Abstract

Norma Chinchilla’s piece for this anniversary issue situates our collective work within the herstories of feminism and their/our relationships with Marxist lineages in LAP and beyond. It articulates a feminist genealogy of the emergence of feminist linages and their cultivation in the 1970s and 1980s and their expansion in the 1990s and 2000s. I would add to this genealogy their pluralization, including moves towards decolonization and de-statization in this last decade or more.
Feminist voices from the margins in the first decade of LAP re-read the texts of Marxism with attentiveness to questions of care and private labor within the domestic sphere and opened dialogues within LAP and beyond. Norma’s words bring to presence the struggles and processes of how these Marxist feminists learnt together to read the world from women’s experiences so as to inform these dialogues and break down the barriers of more orthodox and hetero-patriarchal forms of Marxist thought and practice.
Her feminist genealogy helps me reflect upon and re-consider within the light and learnings of these herstories of the barriers I encountered in attempting to speak from the margins of feminist Marxist theorizing in the period of 2011-2013 in relation to the feminization of resistance. The works and praxis of autonomous Marxist feminism were not those that constituted feminist Marxist and revolutionary thought within LAP at that time (for a paradigmatic example of this lineage of Marxist feminism and related struggles, see Federici, 2004; Motta, 2013).
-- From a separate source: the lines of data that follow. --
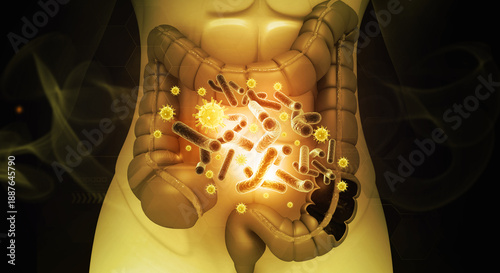3D Visualization of Human Gut Microbiome: Diversity and Infection Pathogens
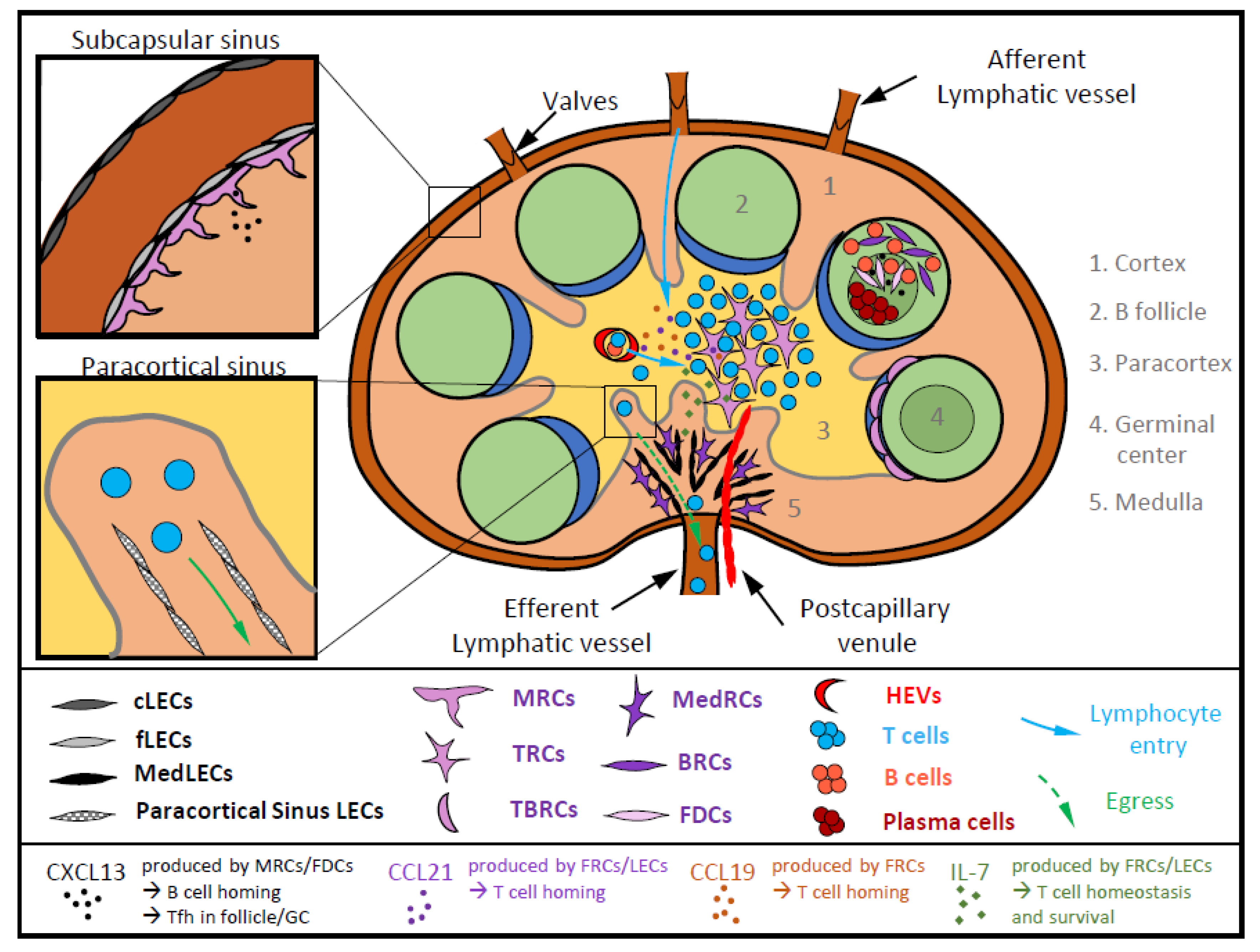 IJMS | Free Full-Text | Lymph Node Stromal Cells: Mapmakers of T Cell  Immunity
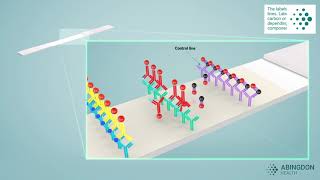 See how a lateral flow immunoassay works [upl. by Dede893]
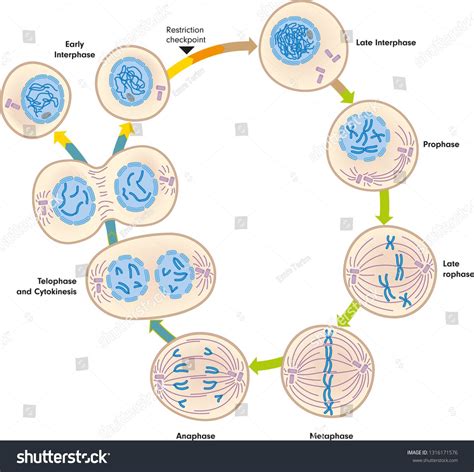 Mitosis And Cytokinesis Produce Two Cells From One Ad Ad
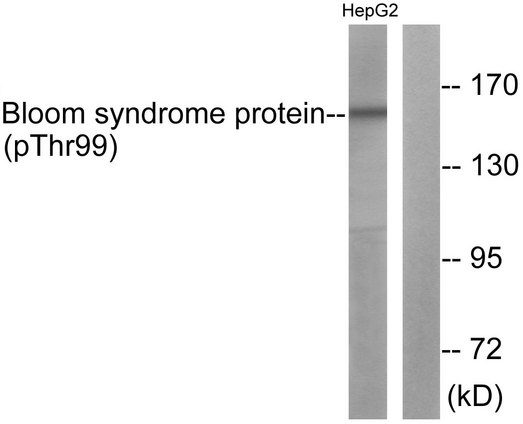 BLM Antibody - Western blot analysis of lysates from HepG2 cells, using Bloom Syndrome (Phospho-Thr99) Antibody. The lane on the right is blocked with the phospho peptide.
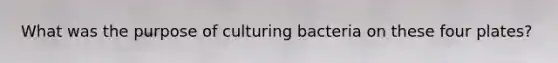 What was the purpose of culturing bacteria on these four plates?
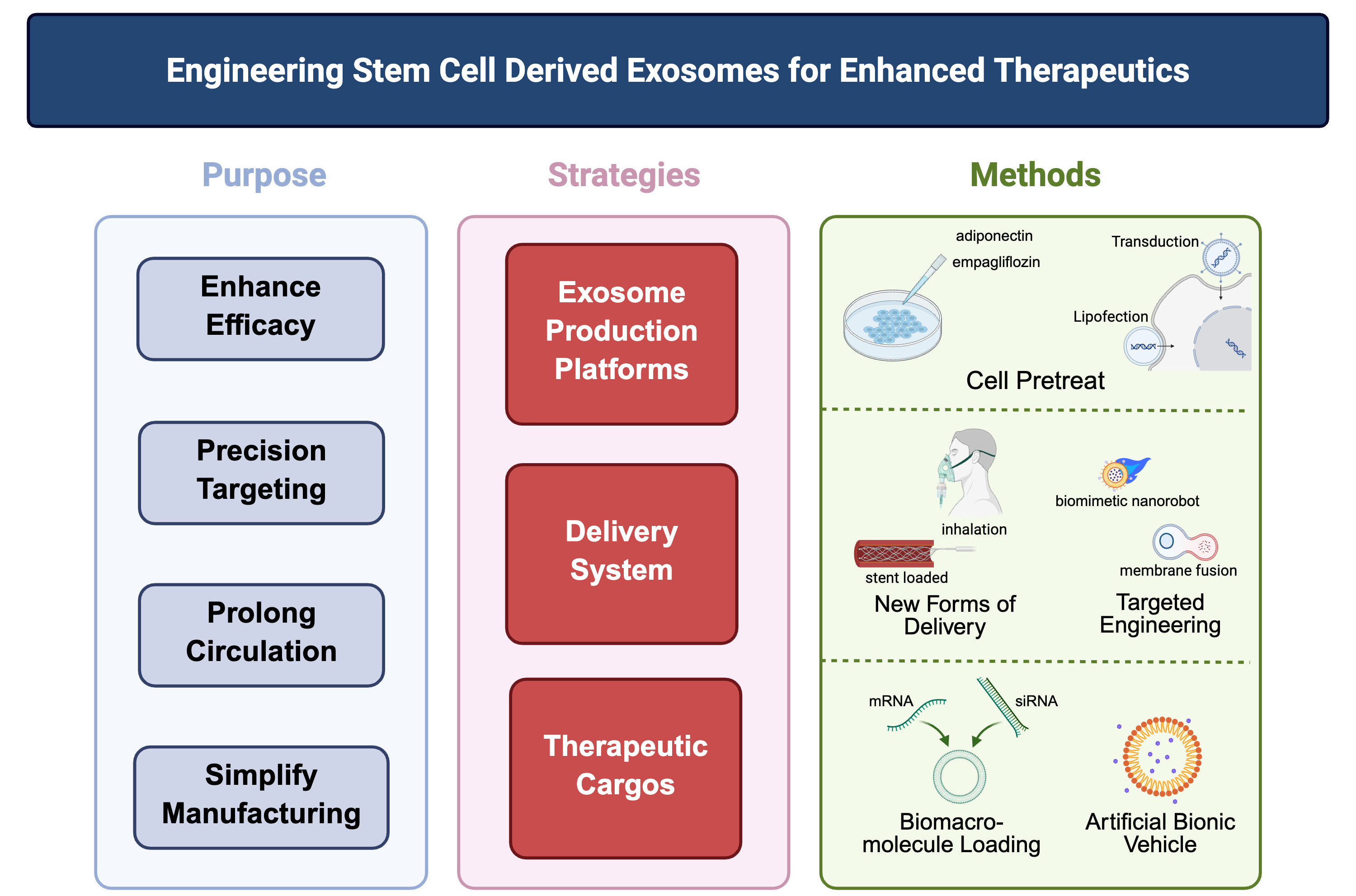 Engineered stem cells and exosomes: novel atherosclerosis therapy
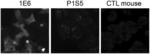 ANTIBODIES HAVING SPECIFICITY FOR THE ORF2I PROTEIN OF HEPATITIS E VIRUS AND USES THEREOF FOR DIAGNOSTIC PURPOSES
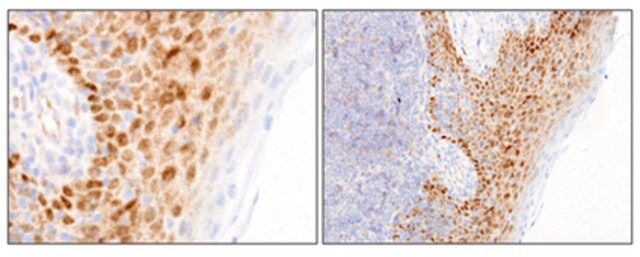 Anti-FoxP2 Antibody, clone FOXP2-73A/8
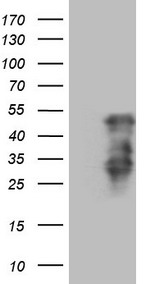 ZIC3 Antibody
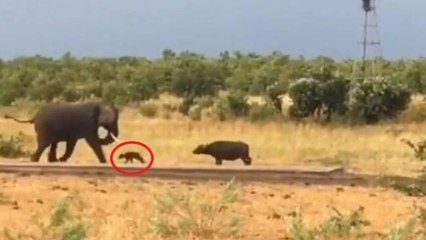 Baby Buffalo Charges Elephant, Video Goes Viral | Oneindia Malayalam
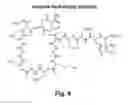 Fig. 05 - Lipopeptide compositions and related methods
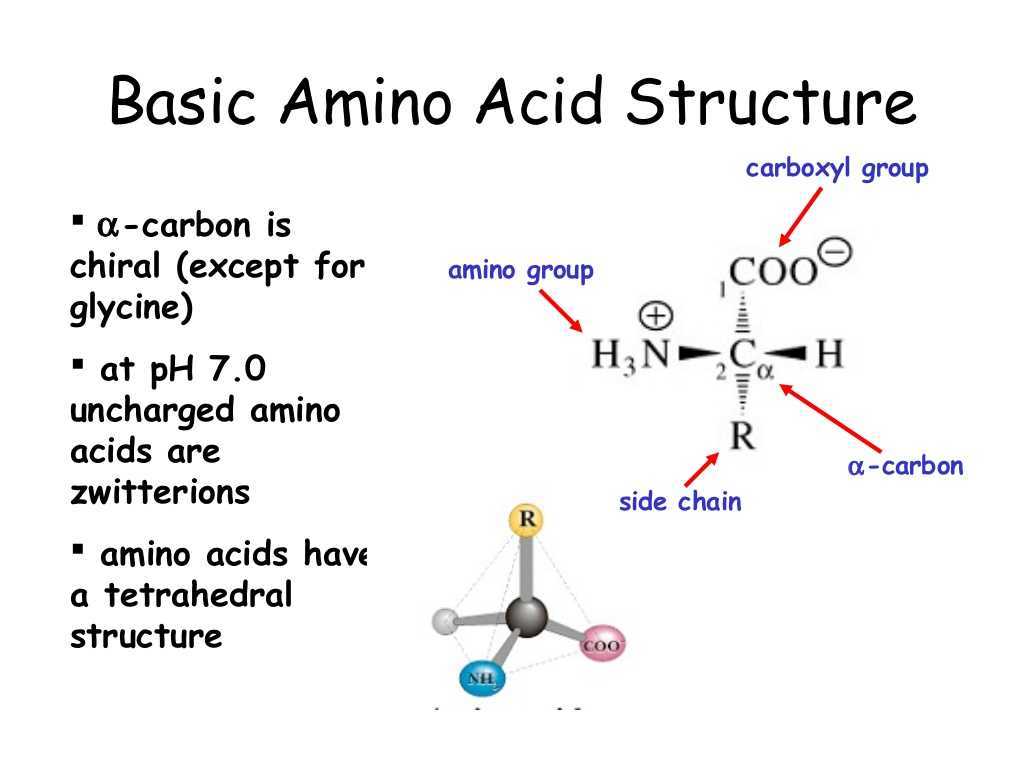 Protein Synthesis Practice Worksheet or Acidic Amino Acid Structure Galleryhip the Hippest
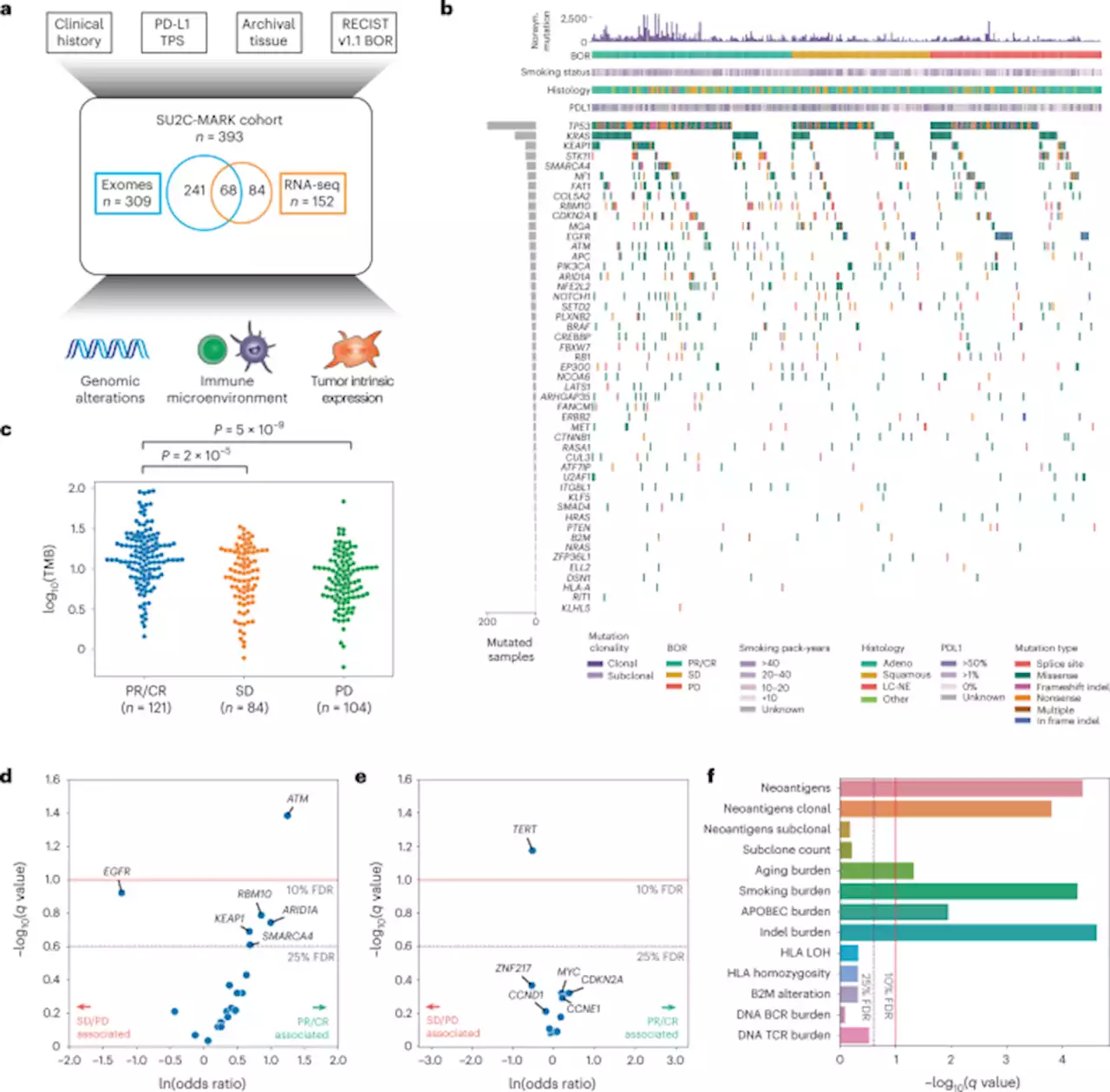 Genomic and transcriptomic analysis of checkpoint blockade response in advanced non-small cell lung cancer - Nature Genetics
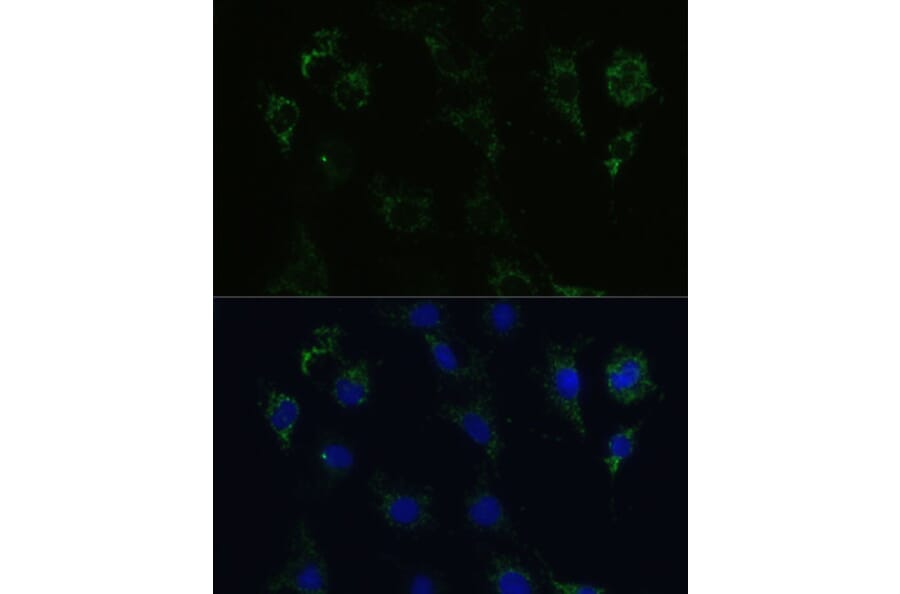 Immunofluorescence - Anti-Syntaxin 1a Antibody (A81003) - Antibodies.com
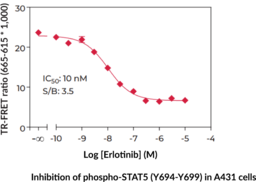 THUNDER™ Phospho-STAT5 (Y694/Y699) TR-FRET Cell Signaling Assay Kit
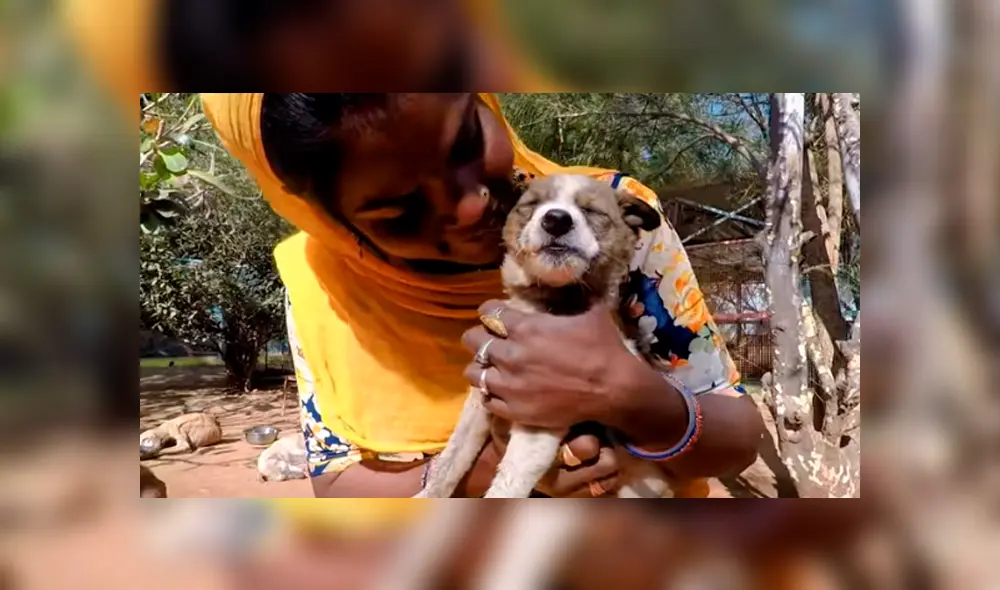 Desliza hacia la izquierda para ver el conmovedor hallazgo del perro que se hizo viral en YouTube. Desliza hacia la izquierda para ver el conmovedor hallazgo del perro que se hizo viral en YouTube.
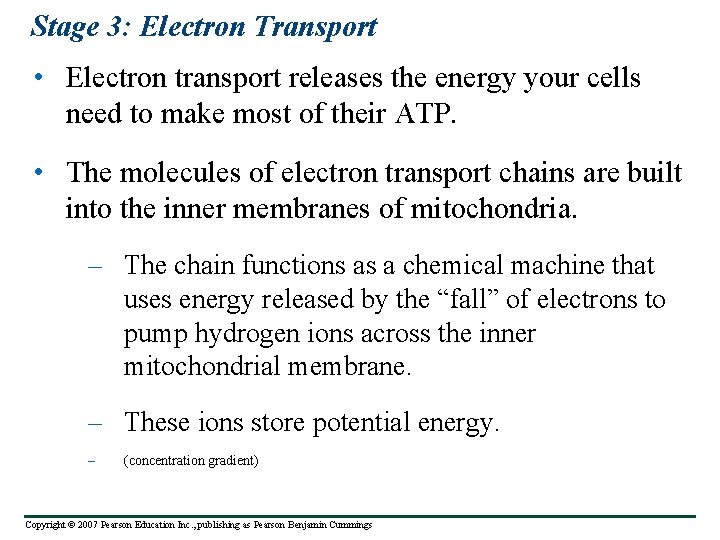 Stage 3: Electron Transport • Electron transport releases the energy your cells need to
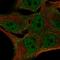 F-Box Protein 16 antibody, HPA058676, Atlas Antibodies, Immunofluorescence image 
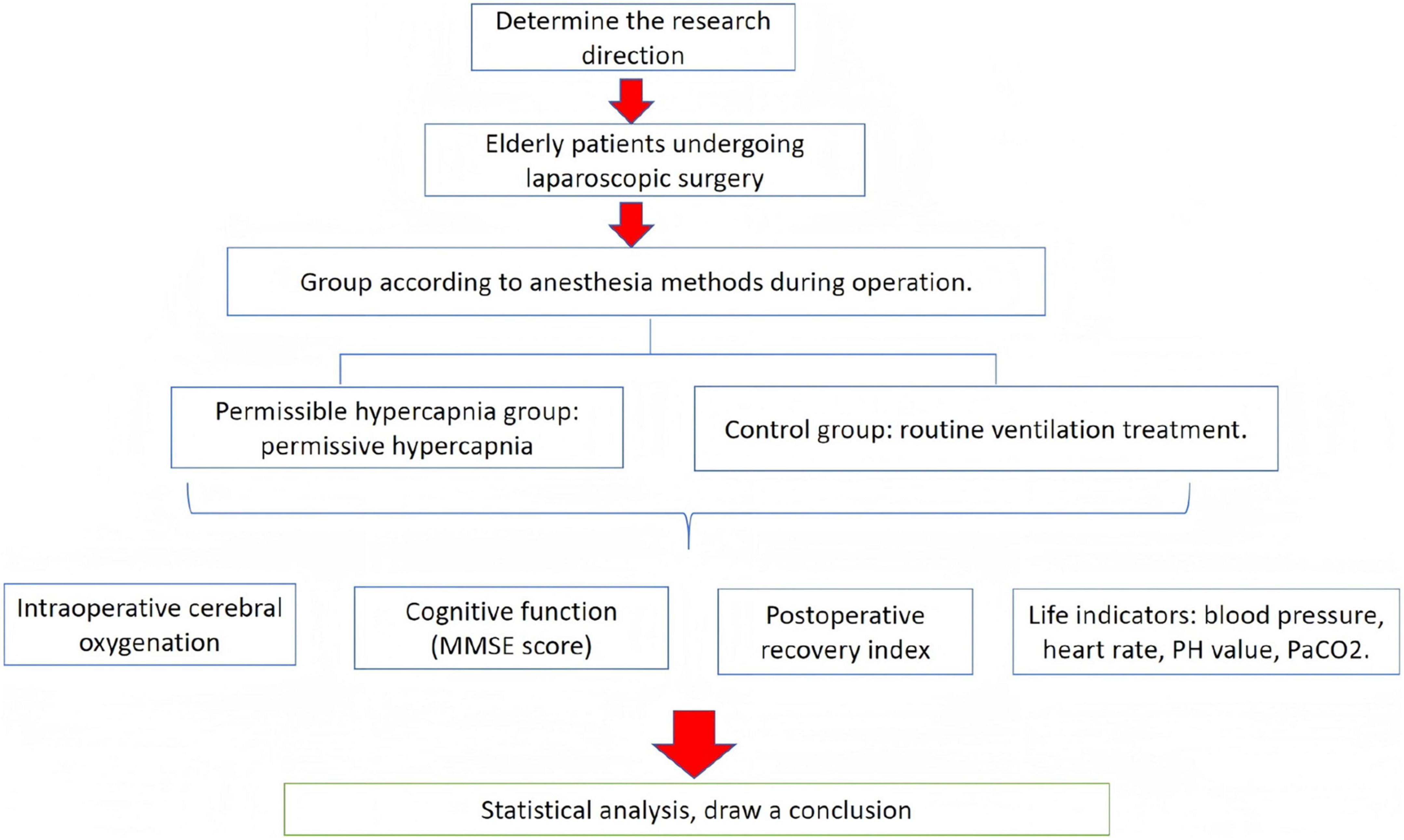Flowchart illustrating a study design starting with determining research direction. Participants are elderly patients undergoing laparoscopic surgery. They are split into two groups based on anesthesia: one group receives permissive hypercapnia and the other receives routine ventilation. Outcomes measured include intraoperative cerebral oxygenation, cognitive function (MMSE score), postoperative recovery index, and life indicators such as blood pressure, heart rate, pH value, and PaCO2. The process concludes with statistical analysis and conclusion drawing.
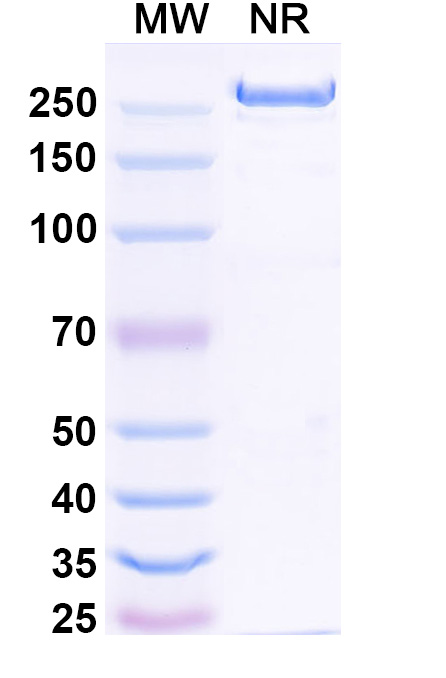 SDS-PAGE for Suptavumab Biosimilar - Anti-F;Fusion glycoprotein F0 mAb - Research Grade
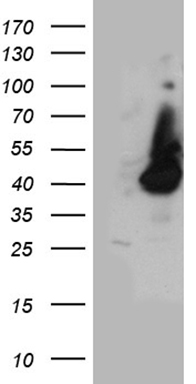 FAM131C Antibody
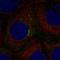 Heart Development Protein With EGF Like Domains 1 antibody, HPA010952, Atlas Antibodies, Immunofluorescence image 
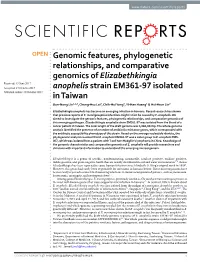 Genomic Features, Phylogenetic Relationships, and Comparative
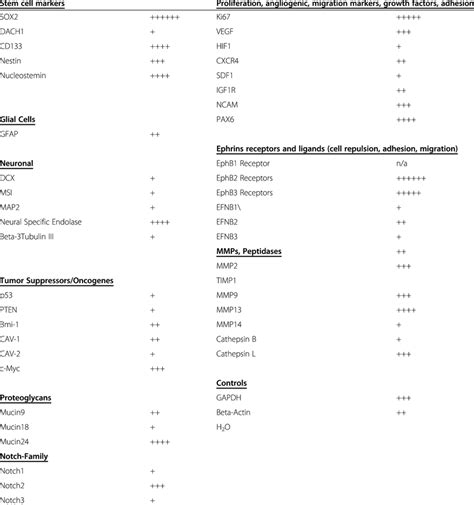 How does it work with the coronavirus? Summary of marker expression determined by RT-PCR ...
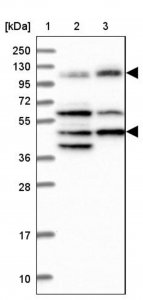 Anti-IFT122 antibody produced in rabbit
Defense of the way theory travels and develops in the light of concrete territories, struggles and collective theorizing needed to be made so that these lineages of feminist Marxism might become legible and translatable and be recognized as valid contributions and concepts to the collective and critical revolutionary and transformative project of the journal. This enabled the foregrounding of an autonomous feminist praxis which moves prefiguratively against and beyond the state lineages of revolutionary (feminist) struggle that had dominated LAP’s feminist praxis prior to this period.
Norma’s feminist genealogy also enables me to reflect on the journey to bring together lineages of autonomous feminist Marxism and their focus on social reproduction and a prefigurative praxis of transformation and struggles in, against and beyond the state with the lineages of Black and Decolonial feminist/ized revolutionary praxis. This dialogue within feminist Marxism brings together the figure of the housewife as a communal figure of the commons and care with the figure of the racialized non-mother who enfleshes other cosmovisions and onto-epistemologies from the underside of hetero-patriarchal capitalist coloniality. These latter feminist lineages and subjects pluralize the politics of knowledge, the subjects/ivities of revolution and the very ontologies that underpin our struggles, visions and relationalities towards the body-territory, mother earth and more than human and non-human subjects.
These feminist struggles, lineages and praxis emergent from the concrete and embodied and enfleshed realities of women and feminized communitarian subjects, even if divergent and dissonant, all suggest something crucial. That the lineages of feminism that have opened invitations to re-think, expand, pluralize, feminize/make feminist and/or decolonize Marxist praxis, models and forms of revolutionary struggles within LAP and beyond are not forms of identity politics. They offer worldmaking and un-making visions, and they gift concepts, wisdoms and onto-epistemologies which deepen and pluralize our understanding of revolutionary politics, subjectivity, struggle and transformation.
I give thanks to Norma Chinchilla for sharing her reading of early feminist struggles, lineages and knowledges within LAP. I honor the multiple diverse and plural feminists and lineages of feminist Marxism as they have come to have presence within LAP. These lineages and herstories of struggle and praxis reflect, contribute, and nurture our dreams and praxis of revolutionary change in word, thought, body and practice.
Footnotes
Sara Motta teaches at the University of Newcastle in Australia and is a Participating Editor of Latin American Perspectives.